Elsdon did not reply. His mind had drifted into speculations on what would have happened if he had married Emily. He recalled her at the age of twentytwo, a handsome, spirited creature fresh from Girton. Overbearing? Well, it depended on
you.
She was full of new ideas and theories, and if you disagreed she heaped scorn on you, but such
friendly and humorous scorn that surely none but the feeblest or most intolerant could fail to enjoy it. What a refreshing and fascinating creature she was, with her round, rosy face, more expressive in its quick changes than any face he had ever known, with her perfect teeth and the thick dark brows from whose shade those sparkling grey eyes watched you with amused sympathy. But Arthur Dryden was already on the scene and obviously in love with her, and as obviously Emily, though with a sort of amused impatience, accepted his homage. That was what had made it impossible for him to butt in. But suppose he had known then what Emily and Ida had just now laughingly revealed. No, even so, there was Arthur to be considered. “In those days,” reflected Elsdon, “we had more self-control, more decency in such matters.” And yet what had he got, what had they all got, in exchange for his decency towards Arthur? Emily and Arthur, by dint of that very tradition of decency and self-control, had certainly made a very creditable job of it. They had brought up two admirable children and had managed to remain good friends. Even in private, as Emily had told him years afterwards, they had never quarrelled. None the less—in fact, probably all the more because of that forbearance—they had been bad for one another. His dreamy, happy-go-lucky shiftlessness, his “artistic temperament,” had cramped and irritated her. He was too much of a woman for her; and she, with her lively, practical mind and abounding energy, was altogether too much of a man for
him. When Arthur died at the age of forty it hadyes, undeniably it had—been lucky for her. With Arthur alive she would never have come to full flower. Wasn't their forbearance, then, a mistake? A mistake, perhaps, for Emily and Arthur, but certainly not a mistake for the children.
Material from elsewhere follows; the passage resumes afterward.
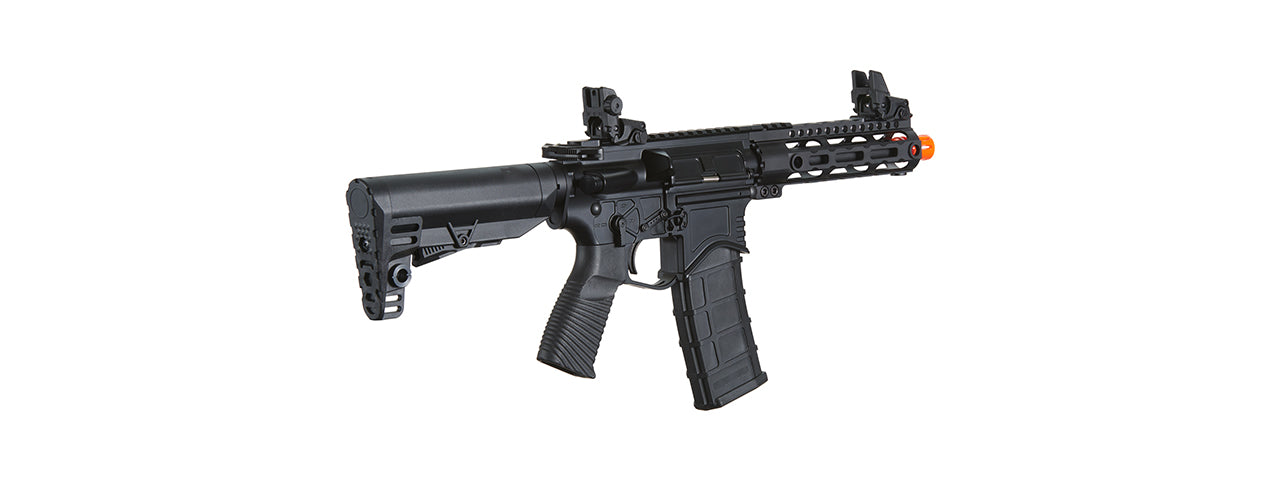 Golden Eagle Compact BD Style 7" inch M-LOK M4 GBB Airsoft Rifle - Green Gas Combo - (Black)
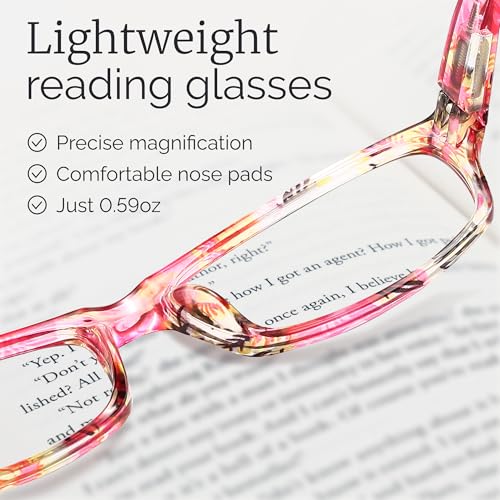 Image of Gaoye Reading Glasses for Women, 6 pack Fashion Readers for Women Men Spring Hinge Eye Glasses, Blue Light Reading Glasses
It had made them the admirable creatures they were, and that, for Emily, he knew, was a consideration that outweighed all others. And yet—Elsdon harked back to the original question—suppose he had butted in. Wouldn't that have been better still? Arthur no doubt would have been deeply wounded, and he, with his old-fashioned notions of honour, would have felt an awful cad, but wouldn't it in the end have been a kindness even to Arthur? And as for himself and Emily, would they, as she had said so positively just now, have squabbled like cat and dog? He considered it seriously. Yes, he had to admit it was possible. If, as she had said, she was priggish and overbearing in those days, he was equally so, and that, possibly, might have been too much for their love and good humour. And not only that, there would have been his absurd pride. Emily had hit the nail on the head just now when she said that it was merely his pride that Naomi's disappearance had wounded. Ah, she had not merely wounded it, she had also revealed it to him and exploded it for good and all. Yes, Naomi had been a considerable education. Perhaps in the long run it had been as well that he had been attracted to Naomi, seeing in her a superficial—ah, how superficial!—resemblance to
the unattainable Emily. Yes, perhaps everything had turned out as well in the end. And then, as he resigned himself to this regretful and rather lame conclusion, there flashed upon him the fact which was, quite possibly, the final reward for his decency. Quite possibly it had preserved for them both this ultimate friendship which was certainly now his most treasured possession. The thought of her, as she was now, brought him to the surface, and at the same moment her voice came to him, just beside him there, talking to the Buxteds—the same low, musical voice that always had for him something of the soft but reedy quality of a wood-wind instrument, the lower notes of a clarinet.